Bystanders, then, represent a major opportunity: Convert more of them into defenders or allies of the target of bullying, and you could take the sting out of one of childhood’s enduring harms.

Except that it’s not so easy. Adults constantly exhort kids to stand up for kids who are the victims of taunting and cruelty. It’s what many of us want to see from our own children—I know I expect my own sons to stand up for the kid getting picked on. But stepping into the middle of a conflict to confront an aggressor is usually asking a lot. “As bullies are often perceived as popular and powerful, it takes a lot to thwart their behavior,” as the Finnish psychologist Christina Salmivalli, a leader in the field, puts it in a 2010 paper. In a new study from Harvard, based on in-depth interviews with 23 middle-schoolers, every single one said they supported the idea of being an “upstander” rather than a passive bystander, but “half of them acknowledged that in practice they often laugh when they see others victimizing a peer in school,” as the authors put it. Kids want to help, and know they should, but they don’t always do it.

It’s an example of the classic bystander problem that also affects adults: In a famous study in the late 1960s, researchers showed that people who watch a dangerous situation unfold take longer to help if there are many fellow onlookers. The presence of multiple bystanders diffuses responsibility and also makes people unsure of social cues—they hesitate to be the first one to make a move if no one else has. These findings help explain how Kitty Genovese was brutally and infamously murdered by a knife-wielding attacker in New York in 1964, even though she cried out for help to neighbors in a nearby apartment building. The facts of the story aren’t quite as awful as the original telling: Someone did initially scare off the killer by opening a window to yell, “Let that girl alone!” And it may be that none of the neighbors realized that he actually came back. Still, it did take a half-hour for someone to finally call the police—for Genovese, too late.

One of the experts I’ve come to respect in writing  my book on bullying is a former guidance counselor and researcher, Stan Davis, who points out that kids can also help the targets of bullying in quieter, after-the-fact ways, by asking them if they’re OK or sending a sympathetic text. Having even one single defender reduces the negative effects for the victim—it makes the bullying less upsetting.

What do we know about kids who come to the aid of the targets of bullies—and how could we expand their number? Salmivalli points out that not surprisingly, kids are more likely to stick up for kids they’re friends with. Kids are also more likely to be upstanders if they’re in a social circle of friends in which other kids don’t bully. The few kids in the Harvard study who stood up for victims of bullying outside their friend group had an objective sense of moral responsibility, “a common commitment to address issues of unfairness,” as the researchers put it. They were also “very powerful members of the peer group”—kids with status.

But we can’t only rely on the kids who happen to be both moral and high in status. The key is to figure out how the environment of a classroom—or a whole school—can add to their ranks. There is plenty of evidence that  aggression and meanness among students can pay off in terms of popularity—it’s often a route to moving up the social ladder.

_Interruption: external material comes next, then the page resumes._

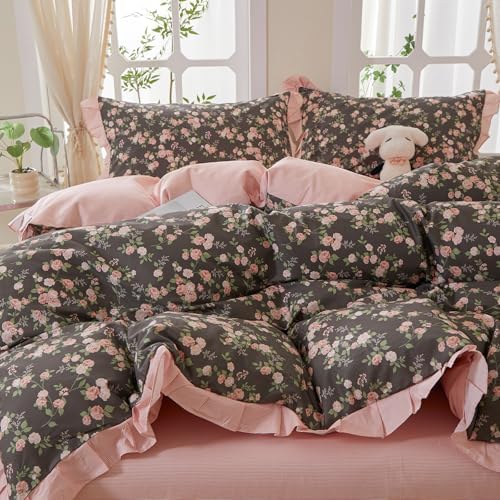 Vintage Floral Coquette Duvet Cover King, 3 Piece Blush Rose Cottagecore Flower Duvet Cover Romantic Ruffle Lace Bedding Set, 100% Cotton Chic Aesthetic Botanical Comforter Cover for Girls Women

So how can a school, or a community, turn that around to reward a kid’s willingness to put themselves on the line to stop cruelty instead? It’s a question at the heart of every good bullying prevention effort, and one that explains why the programs with success encompass the whole school. Salmivalli focuses on one with particular promise:  a program in Finland, called KiVa, that has generated a lot of in international interest based on its record of reducing bullying and increasing peer support for victims. She emphasizes the importance of showing kids that bullying isn’t the norm—that most people don’t do it. When very few kids step up to challenge bullying, on the other hand, “children may infer that the others think bullying is OK.”

In the United States, bullying prevention programs like Olweus and  Steps to Respect try to encourage more upstanding. But no one here has completely solved the riddle. One person who is trying is Nancy Willard, a longtime advocate in the field who directs Embrace Civility in the Digital Age. Willard has designed a new program with a couple of features I haven’t seen before that seem promising, like encouraging teachers and other staff to watch for students who act as allies, not to make them an object of public praise, since that could make them uncool and backfire, but so that the principal can send a letter of thanks home. It’s a small idea, but that’s somehow how larger cultural shifts start.